Filed under: Current Events, Rantings on June 9th, 2009
Don’t want to be a bummer, but cheap trade and the internet will probably lead only towards lower wealth for the Western world as more labor and “knowledge” work is moved overseas. On the plus side, China and India will enjoy a middle class they never had before.
Nicholas Kristof came out in favor of sweatshops, or more accurately the injection of manufacturing industry where there otherwise is absolute poverty. Is it better that 1 American be promised a stable labor job with good pay, or that several 3rd-world families no longer live in abject filth?
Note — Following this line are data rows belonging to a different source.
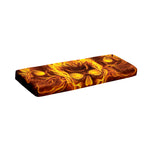 Three Flaming Skull Print Piano Keyboard Cover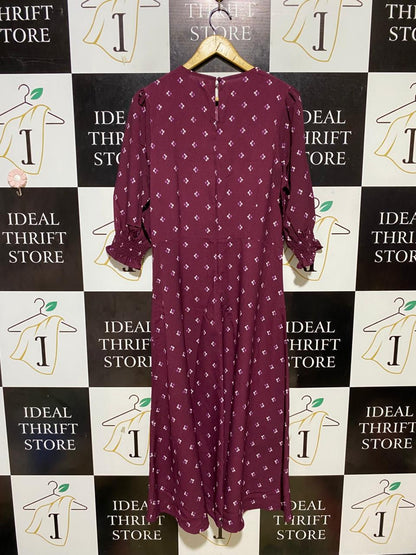 & ME |L| BUST 20| B26| PREMIUM GEOMETRIC PRINT MIDI MAXI DRESS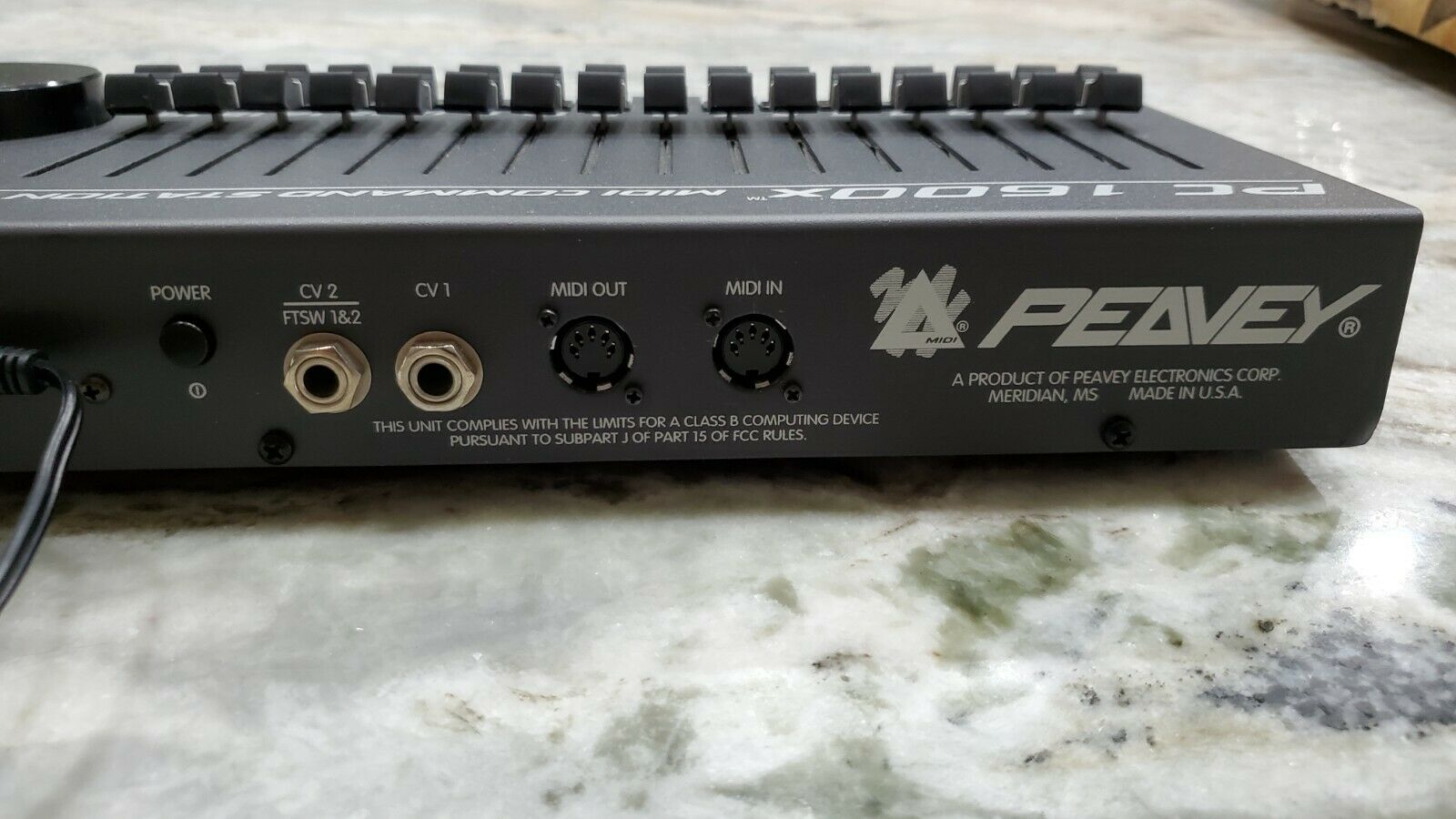 PEAVEY PC 1600X MIDI COMMAND STATION Ver. 2.2 W/ Manual, Box & Adapter - WORKING - Fresh Stock Dated February 2026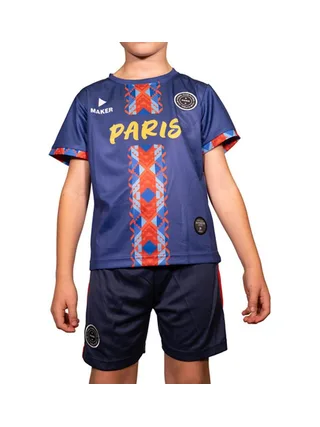 Ensemble Bleu/Rouge Enfant Sport Zone Paris 1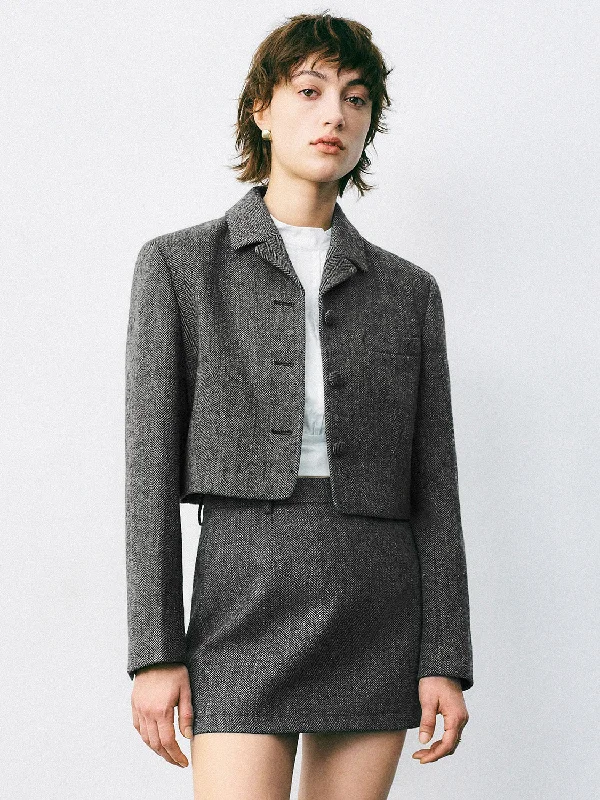 Notched Collar Blazers Women's Fashion Blazer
Kristof is a human rights-minded journalist, and I respect that. And, of course, I don’t like that anyone suffers in this world. But, aside from my belief that it’s important to preserve American manufacturing while we can, I also worry about the unseen aspects of industrialization in the developing world.
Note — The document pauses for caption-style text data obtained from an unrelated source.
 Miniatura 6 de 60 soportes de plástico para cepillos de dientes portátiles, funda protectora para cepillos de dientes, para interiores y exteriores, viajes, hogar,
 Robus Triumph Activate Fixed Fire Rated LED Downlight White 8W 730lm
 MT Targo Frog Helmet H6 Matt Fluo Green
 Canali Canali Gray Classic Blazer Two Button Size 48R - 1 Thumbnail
Western countries, where we’ve had hundreds of years to deal with the negative effects of industrialization, are finally getting a handle on it. In the developing world, however, where this is all relatively new, there are serious issues, from child/forced labor, to the environment, to political oppression being sustained by the profits of that industrialization.
Though I don’t agree with some of the tone she takes, Annie Leonard’s “Story of Stuff” (www.storyofstuff.com) does a good job of illustrating the way the developed world exploits the resources of the developing world with little concern for the negative effects the citizens of those developing nations experience. We now have laws in the US to prevent wholesale environmental devastation. But in the third world, these laws don’t exist. The governments are so focused on the profits (often used to maintain oppressive control), they’re willing to allow their natural resources to be trashed.
Leonard also does a great job illustrating the “externalized costs” that come with globalization. We pay way, way less for the made in China products we buy than they actually cost to produce.
A lot of these problems go away when the manufacturing occurs in the USA. First, a lot of the BS junk that nobody needs–the stuff that fills $.99 stores and Pier 1 Imports–would go away, and there’d be much less waste, because it wouldn’t be worth paying the real cost of the singing animatronic fish we give as a gag gift. Second, industry would be cleaner. And, finally, we’d have a thriving middle class.